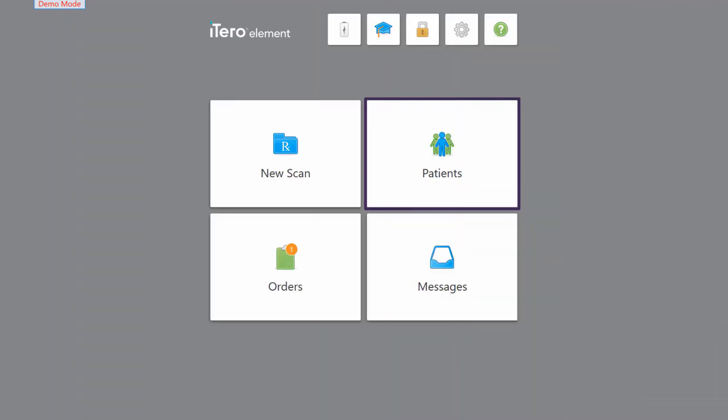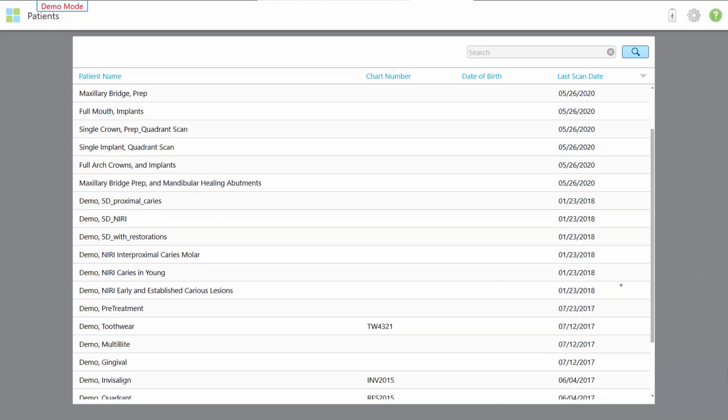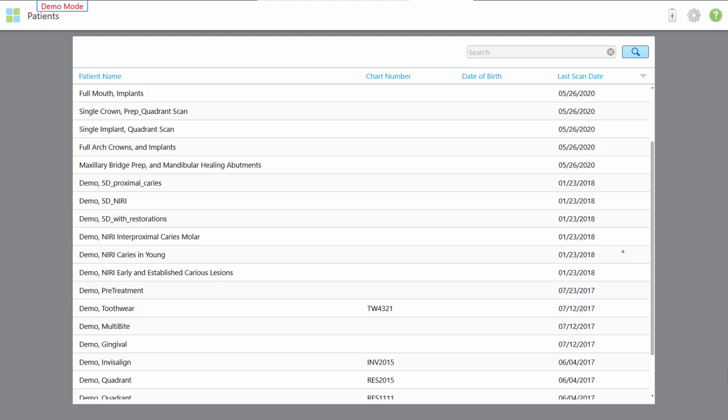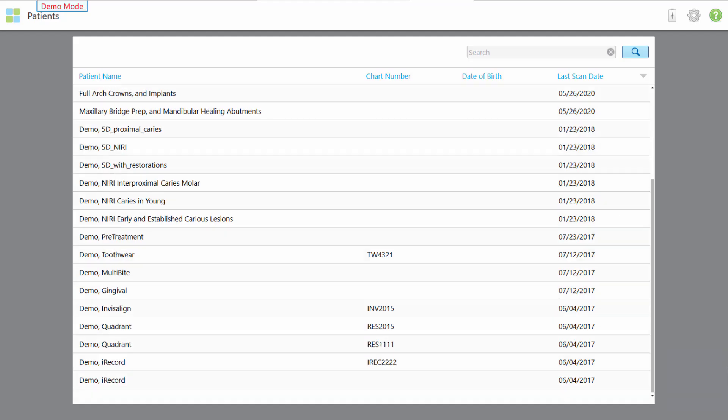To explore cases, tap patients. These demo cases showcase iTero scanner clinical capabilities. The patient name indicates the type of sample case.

____________

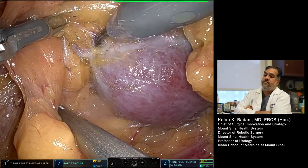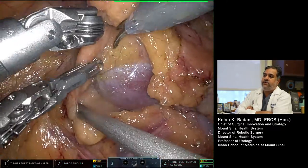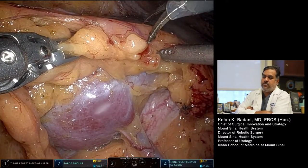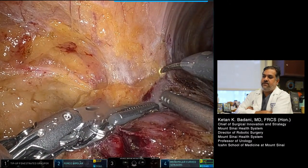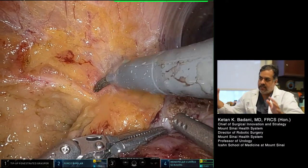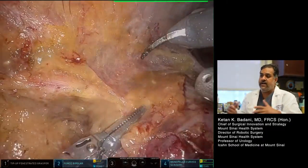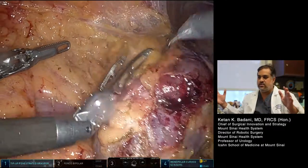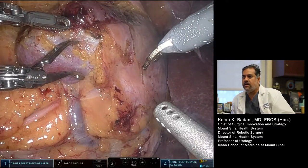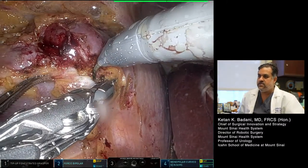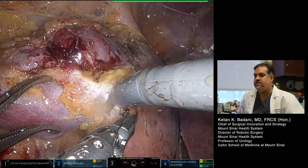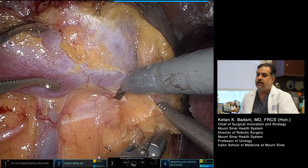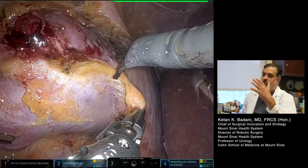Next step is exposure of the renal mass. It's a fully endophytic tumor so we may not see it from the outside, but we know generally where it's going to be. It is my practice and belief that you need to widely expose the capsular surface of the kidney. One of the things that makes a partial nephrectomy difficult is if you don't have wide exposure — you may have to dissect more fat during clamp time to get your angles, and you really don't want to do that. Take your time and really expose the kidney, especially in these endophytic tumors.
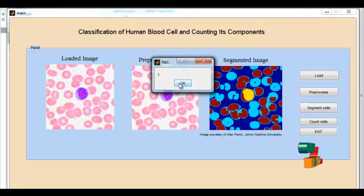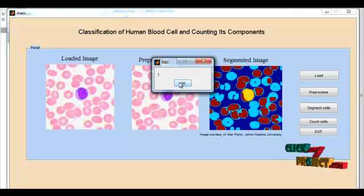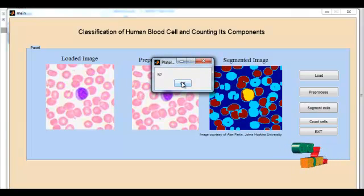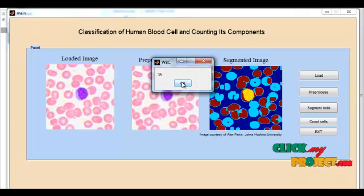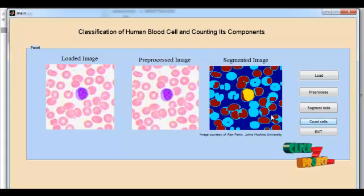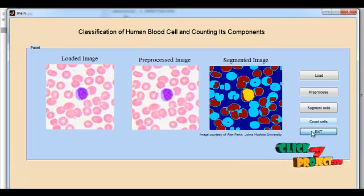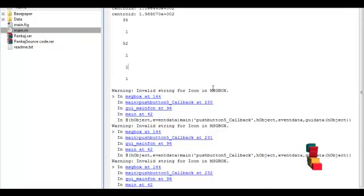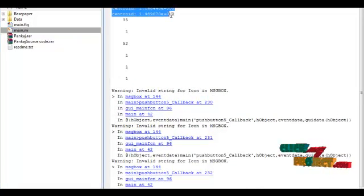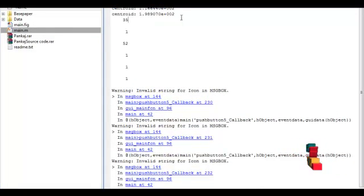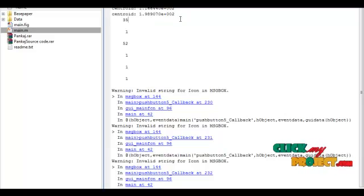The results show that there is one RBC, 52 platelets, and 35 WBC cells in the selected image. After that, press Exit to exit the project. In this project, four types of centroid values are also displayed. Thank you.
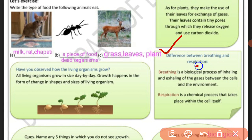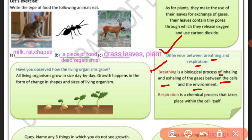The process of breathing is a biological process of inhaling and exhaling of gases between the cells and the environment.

____________

Exercise goal: Using the entries above, transcribe every line from the line containing "The results show" through the line containing "The process of". Do not copy pictures.

Result of this exercise:
The results show that there is one RBC, 52 platelets, and 35 WBC cells in the selected image. After that, press Exit to exit the project. In this project, four types of centroid values are also displayed. Thank you.
The process of breathing is a biological process of inhaling and exhaling of gases between the cells and the environment.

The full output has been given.